While you can find cheaper parking throughout the city, or even street parking if you are savvy, I find these two to be easy to get to and relatively affordable for their location.

The other word of caution is that Boston is not the most driver friendly city.  It has long historical roads so streets are not always in a grid format and can be difficult to navigate.  If you do not mind driving, then this would be the option that I recommend (and the one that I use).  You can find parking options that aren’t too expensive and it gives you the greatest flexibility to come and go as you please.

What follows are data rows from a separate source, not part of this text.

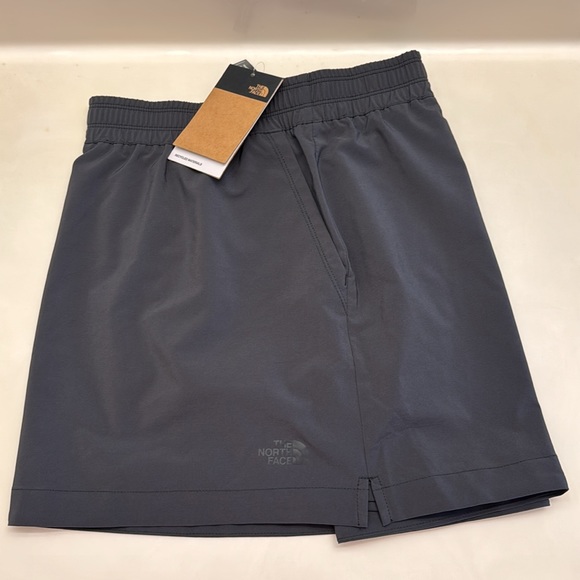 The North Face Skirt Shorts Skort - Picture 2 of 7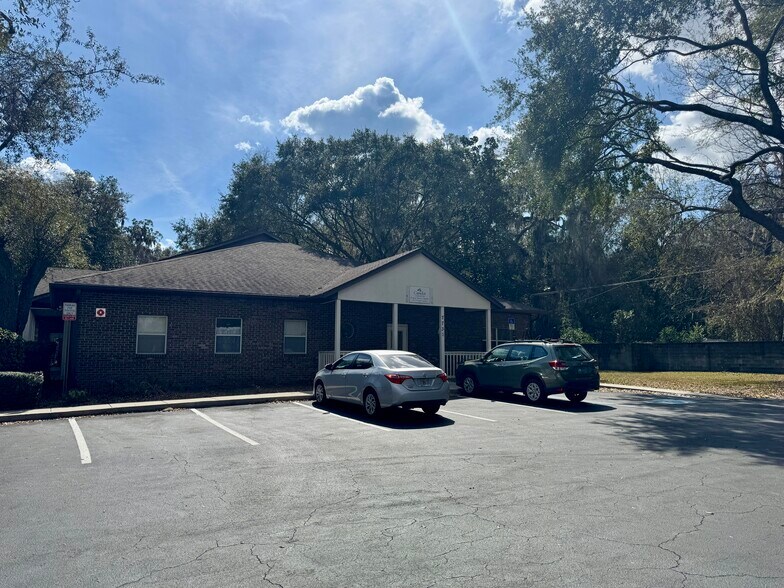 More Photos Of 7731 Newberry Rd, Gainesville Flex For Lease
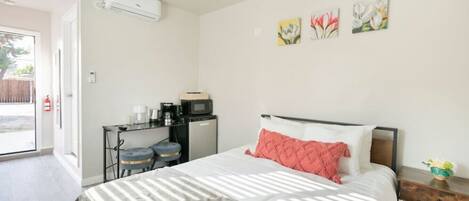 1 chambre, bureau, fer et planche à repasser, Wi-Fi gratuit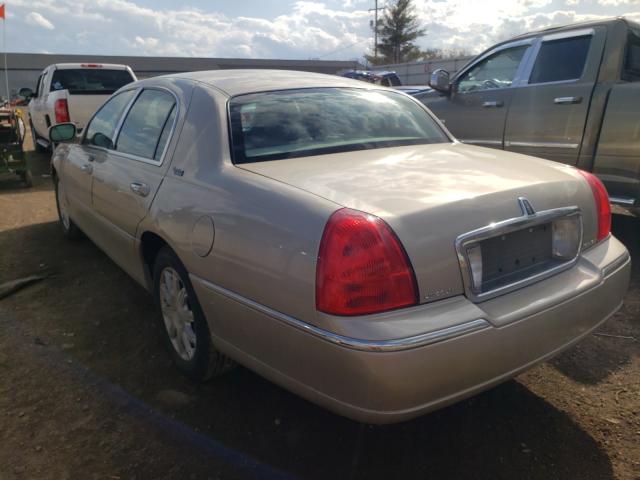 Photo 2 VIN: 2LNBL8CV9BX756089 - LINCOLN TOWN CAR S 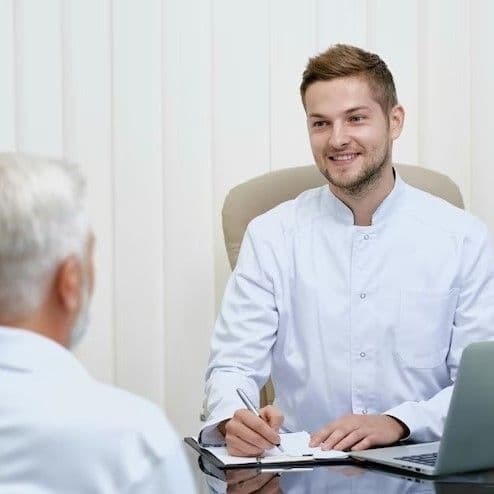 Человек работает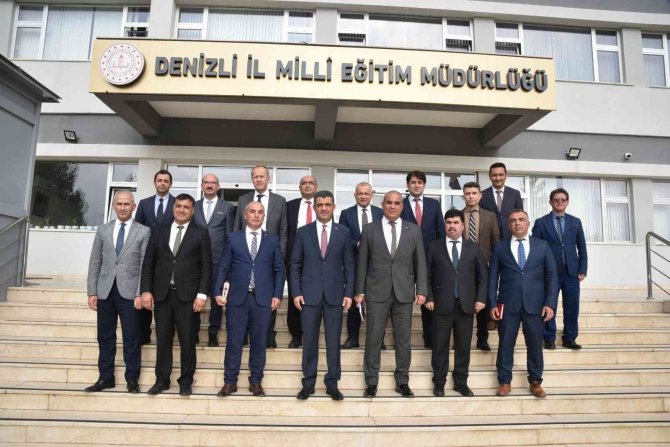 Milli Eğitim Müdürleri Eğitim Öğretim Yılı Çalışmalarını Değerlendirdi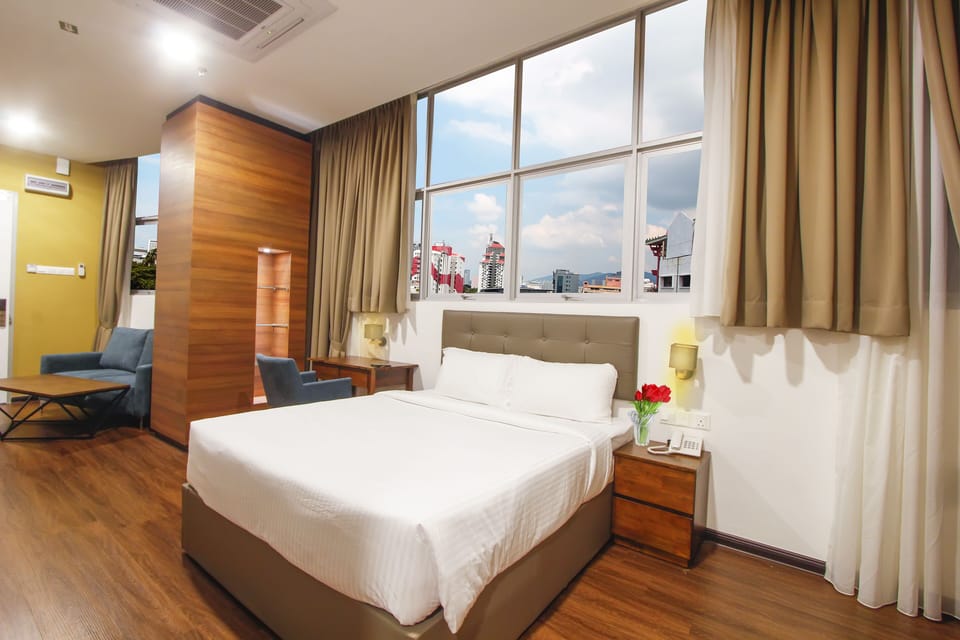 Studio A | In-room safe, blackout drapes, iron/ironing board, free WiFi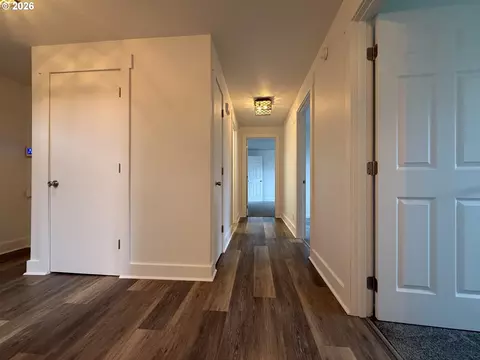 Entry Way - 788 Cornwall Ave, Eugene, OR 97404 photo 1 of 2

  • Drive to a T station, park, and take the T. ($20 for family of 2; $29 for family of 4)
    • There are several T stations that are in suburban areas that will have cheaper and easier parking than the inner city.  The T will cost $2.40 per person per trip and parking is typically $5-10 at the station.  This is a slightly more affordable option if there are only a few in your party and comes with less headaches.  However, where you park, will depend on which direction that you are coming from so check the T maps and parking options. The T gives you more flexibility than the commuter rail as trains run continuously from 5am-12:30am, whereas the commuter rail trains are far less frequent and will require advance planning.
  • Drive to a commuter rail, park, and take the commuter rail. ($30 for family of 2; $50 for family of 4)
    • This is a great option if you do not like to drive but live in the suburbs.  The commuter rail extends out as far as Worcester so you can often find one nearby with plenty of parking.  The commuter rail has a more rigid schedule and can be expensive with  Worcester to Boston at $13.25 each way per person plus the price of parking at the station.  However, there is a weekend deal that gives you unlimited commuter rail access for just $10 per person.   
  • Fly into Boston Logan
    • Boston is a major city and a hub for Jet Blue and Delta with several flights for United and American, as well.  Fares are relatively inexpensive and there is a T station at the airport that can take you any where you wish to go in the city. 

Accommodations:

Boston is an excellent day trip, but it can easily be a long weekend as well, depending on what you would like to do.  If you do plan to spend the weekend in the city, I’d recommend going in the off season as most of the downtown hotels will be in the $300-500/nt range during the summer months but drop to $100-200/nt starting in November.  When looking for a hotel in the city, it is all about location as you will be spending little time in the hotel and most of the time adventuring around the neighboring area.  Boston is no different in this aspect and therefore I would recommend either staying on the Waterfront or in Back Bay.  These two neighborhoods are clean, safe, have close proximity to attractions and have plenty of nearby restaurants.

Itinerary:

If you only have a day in Boston, I’d recommend this five mile walking tour.  This walk is relatively flat and gives you a mixture of history, architecture, museums, waterfront, and urban vibes.  The MBTA (T) system also runs throughout the journey, so if you wish to cut down on some mileage, you can hop on and off the subway for a quicker journey.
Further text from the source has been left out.